Es ist Wahlkampf. Und gerade in dieser Zeit strotzen Politiker geradezu mit großen Plänen für die Zukunft. Auch Bayerns Ministerpräsident Markus Söder (CSU) will so einiges für die Zukunft dieser Republik, wie er kürzlich im Zuge der Vorstellung des Bundeswahlprogramms der CSU mitteilte. Er ist zwar kein Kanzlerkandidat – aber es scheint dieser Tage kaum einen anderen so einflussreichen Politiker wie ihn zu geben. Was also will Söder?

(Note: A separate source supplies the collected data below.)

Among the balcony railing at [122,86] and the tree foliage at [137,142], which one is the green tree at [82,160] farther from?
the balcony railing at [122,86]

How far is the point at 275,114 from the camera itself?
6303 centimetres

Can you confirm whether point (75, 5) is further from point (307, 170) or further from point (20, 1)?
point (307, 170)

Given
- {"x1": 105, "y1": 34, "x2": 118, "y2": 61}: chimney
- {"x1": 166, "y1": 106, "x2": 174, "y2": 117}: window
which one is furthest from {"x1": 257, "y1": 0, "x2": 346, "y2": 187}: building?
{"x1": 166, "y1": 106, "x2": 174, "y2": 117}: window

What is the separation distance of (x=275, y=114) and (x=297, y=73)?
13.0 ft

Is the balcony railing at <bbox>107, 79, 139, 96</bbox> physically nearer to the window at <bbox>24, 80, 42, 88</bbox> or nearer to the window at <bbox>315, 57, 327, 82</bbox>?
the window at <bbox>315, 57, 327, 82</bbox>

Natürlich kommt an erster Stelle die „Corona-Pandemie“. Und da gefällt sich Söder nach wie vor als harter Hund: „Da keiner einen Lockdown mehr will – ich auch nicht – ist die einzige Konzeption: impfen.“ Deutliche Worte: impfen oder nicht impfen; das ist hier die Frage. Aber wer eben die Verheißung ablehnt, der soll in die Kälte geworfen werden, wo Heulen und Zähneknirschen ist.
Jeden impfen, der nicht bei drei auf den Bäumen ist …
Söder will ohnehin am liebsten alles impfen, was nicht bei drei auf den Bäumen ist. „Wir brauchen dringend auch ein Programm für Schülerimpfungen.“ Ja, er wisse, die STIKO sei dahingehend noch zurückhaltend, was er auch respektiere. Aber egal ist es ihm dann trotzdem. Er will schließlich sichere Schulen. Dass Kinder und Jugendliche nicht an Covid-19 sterben, ja, nicht einmal wirklich schwer erkranken, ist doch nicht sein Problem!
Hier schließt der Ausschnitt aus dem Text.